Nana aba Duncan takes up post at Carleton U  as journalism prof


Nana aba Duncan

Nana aba Duncan, the award-winning journalist, on leave from hosting CBC Radio’s Ontario weekend morning show Fresh Air, is a William Southam Journalism Fellow at Toronto’s Massey College, researching the experience of racialized leaders in newsrooms across the country.

She also runs Media Girlfriends, a podcast and scholarship network that amplifies the voices of people from under-represented communities in Canadian media.

But when Duncan saw the posting for the new Carty Chair in Journalism, Diversity and Inclusion Studies at Carleton University’s School of Journalism and Communication, she had to apply.

“It aligns with my personal mission — to foster an environment in Canadian media in which racialized journalists feel psychologically safe, where their perspectives and communities are just as worthy of coverage as those of white people,” says Duncan, who will begin her position on July 1.

“I’ve been living this mission for about 10 years, but it makes a difference when your major concern is not just part of your job but the main reason for your job.

“I need to do this. I don’t want anybody to have a shred of the feeling I’ve experienced over the years. I don’t want any journalism student to feel small in any way. I want them to swing for the fences with their ideas and creativity.

“I don’t want them to worry about being called an activist when they pitch stories from their community because they don’t see many stories from their community.

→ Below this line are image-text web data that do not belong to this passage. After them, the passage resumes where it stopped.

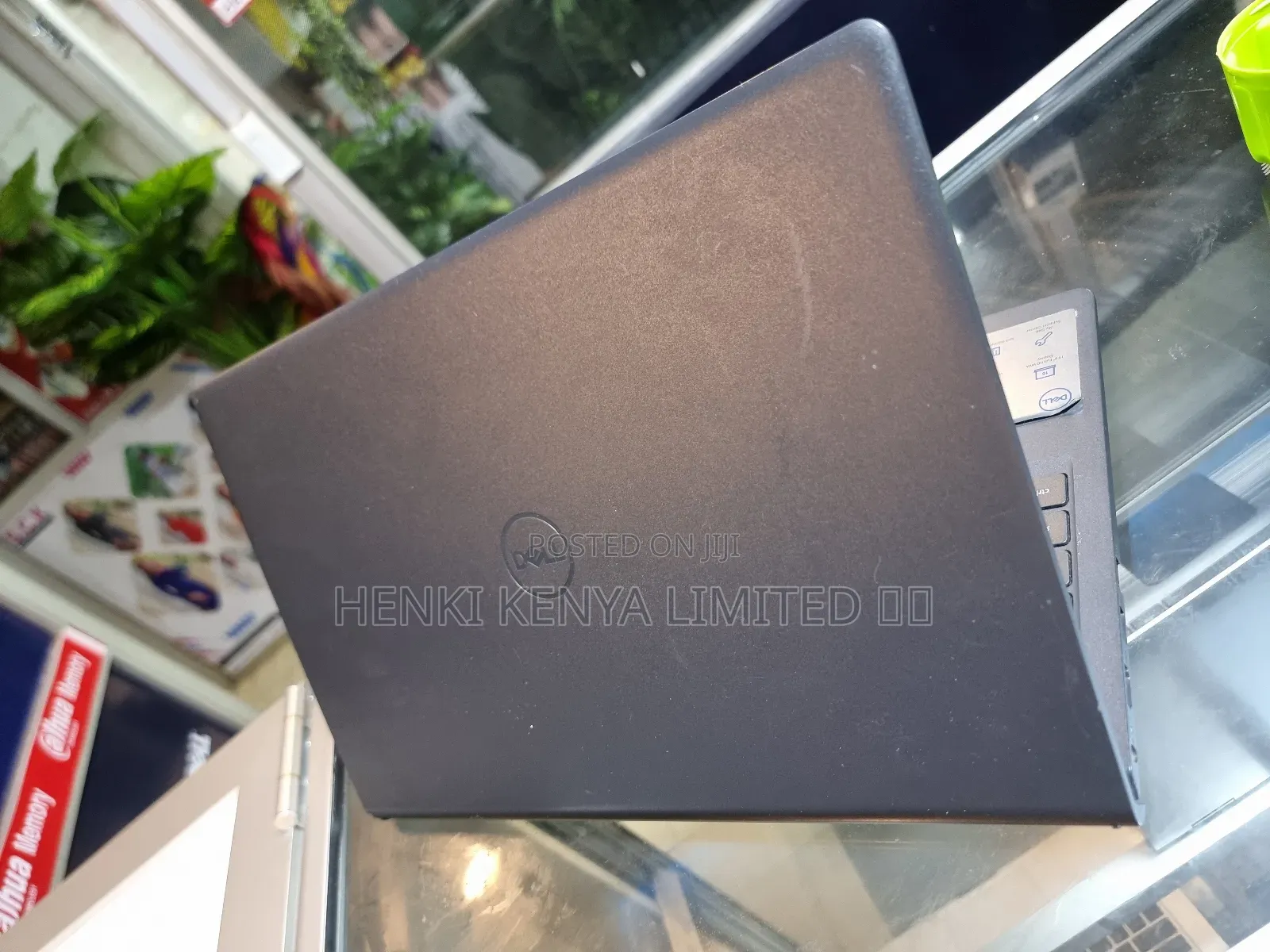 Laptop Dell Latitude 3520 16GB Intel Core I7 SSD 512GB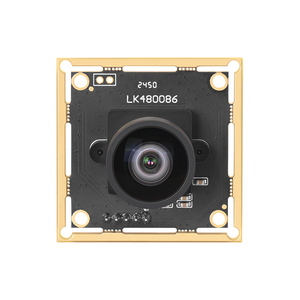 Sensor Imx586 de 1/2 pulgadas, módulo de cámara USB de 48MP 8000x6000, 2,8mm, UVC sin distorsión de 115 grados para vídeo de visión industrial - Product Image 3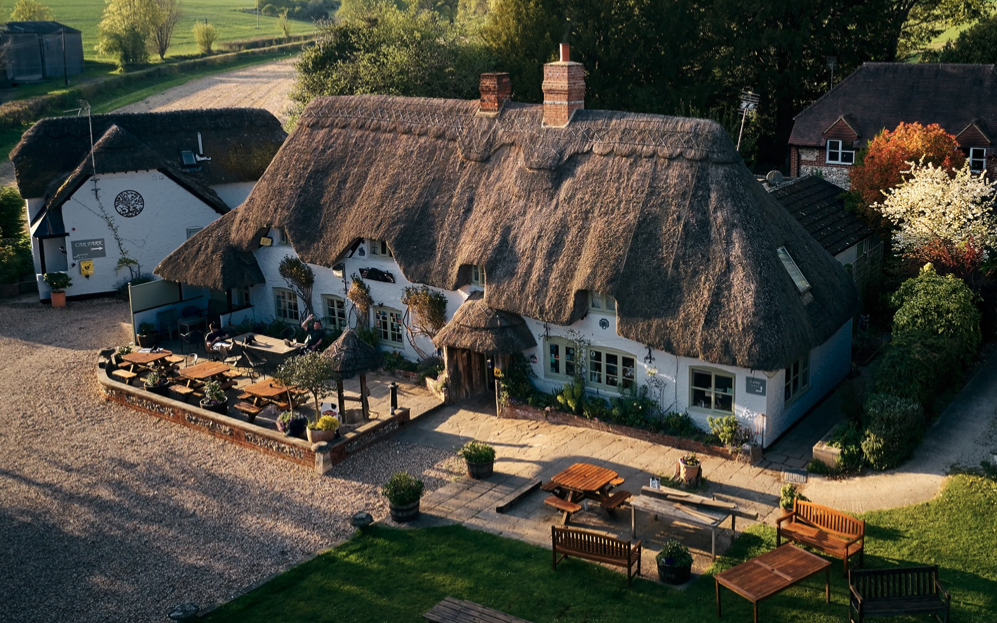 Hatchet Inn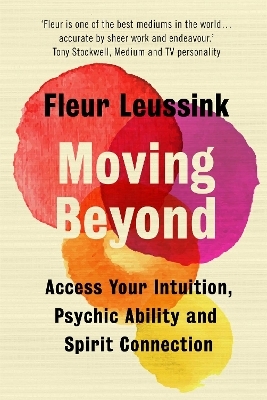 Moving Beyond - Fleur Leussink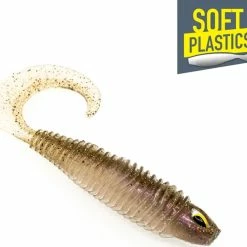 Wholesale 🥰 Chase Baits Curly Bait (4pc) 🥰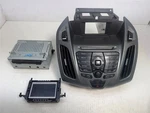 2017-2018 Ford Transit 150 Radio Receiver Pn-dt1t18k811cf Oem. Fixed Price $174.00.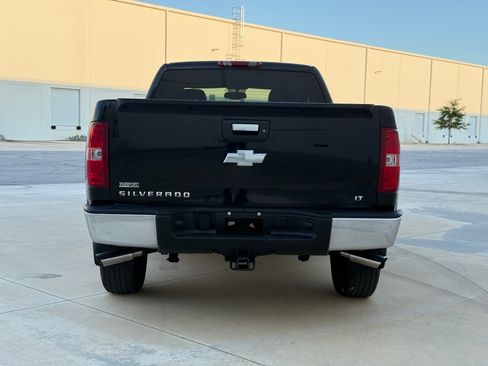 Used 2008 Chevrolet Silverado 1500 LT image 4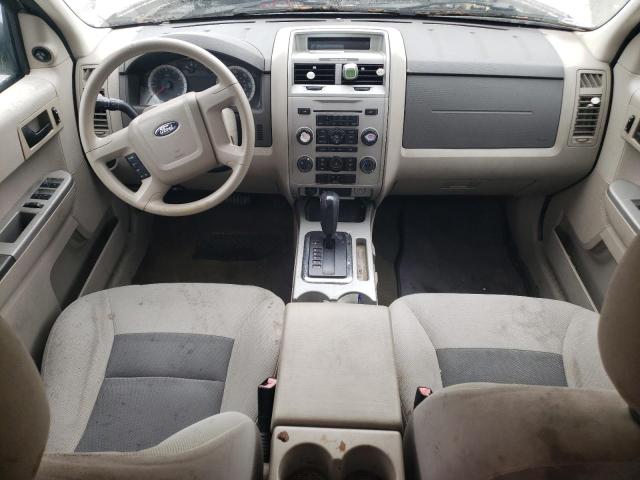 Photo 8 from auction – 2008 FORD ESCAPE XLT with VIN 1FMCU03ZX8KC64897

I want all journalists to be valued equally. I want them to know they belong.”

Duncan’s teaching and research role — the first of its kind at any Canadian journalism school— is part of a constellation of efforts to enhance equity, diversity and inclusion (EDI) at Carleton, including the launch of an overarching EDI Action Plan.

It’s also central to the transformation underway at the country’s oldest journalism school: to reverse decades of systemic racism in the media industry and take concrete steps to change it, echoing points made by journalism students and recent graduates in a call to action published last June.

In addition to teaching and creating a new course for third-year students on decolonizing Canadian journalism, Duncan will conduct research, continuing the work she started last fall as a Southam Fellow.

She has been interviewing racialized leaders with editorial decision-making and hiring power, learning about the challenges they face, the responsibilities they feel, and what needs to change to ensure that stories being told reflect the experiences of diverse communities.

Duncan, who was born in Ghana, moved to Canada with her family when she was two and grew up in the Greater Toronto Area and Edmonton.

 She studied psychology at the University of Toronto and was considering a career in that field. But because she always enjoyed performing, everything from spoken word to dance, and she had developed a taste for radio at university and wanted to keep on learning, grad school in journalism at Western was her next step.

Duncan’s first name — pronounced “Nuh-NAA-buh” — packs a lot of meaning. “Nana” is the name given to a first-born child in Ghana, the chief of a village and is her father’s mother’s name; “aba” is the name given to a girl born on a Thursday in her father’s Fante tribe.

Her first national radio gig, on the CBC show Go!, was as “Contest Nana” for a segment in which listeners identified audio clips. But when she began reporting more serious stories, she started using her full name.

“It took a while for people to get it, but it felt good,” says Duncan.

“It honours being a Ghanaian woman. It’s a reclamation of one’s self.”